# The data:
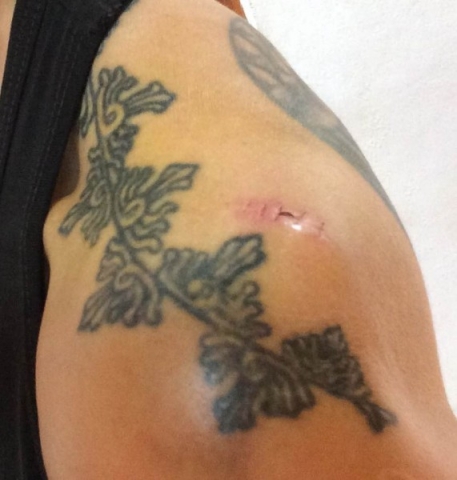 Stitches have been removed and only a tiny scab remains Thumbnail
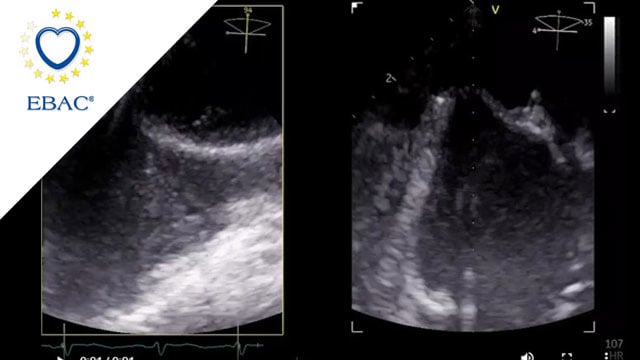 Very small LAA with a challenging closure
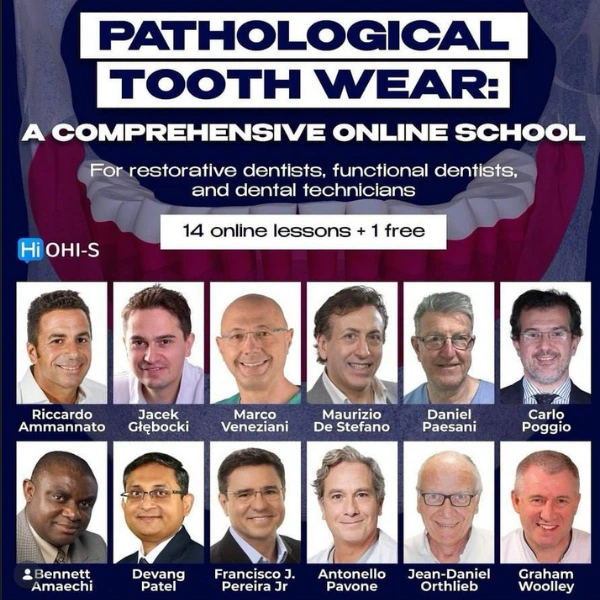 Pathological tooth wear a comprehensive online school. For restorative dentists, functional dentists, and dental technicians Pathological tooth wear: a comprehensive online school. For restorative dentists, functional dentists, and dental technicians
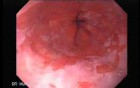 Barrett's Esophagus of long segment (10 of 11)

# Aim of the exercise:
What is needed is a verbatim copy of the material, minus its pictures.

# Response to this task:
 Stitches have been removed and only a tiny scab remains Thumbnail
 Very small LAA with a challenging closure
 Pathological tooth wear a comprehensive online school. For restorative dentists, functional dentists, and dental technicians Pathological tooth wear: a comprehensive online school. For restorative dentists, functional dentists, and dental technicians
 Barrett's Esophagus of long segment (10 of 11)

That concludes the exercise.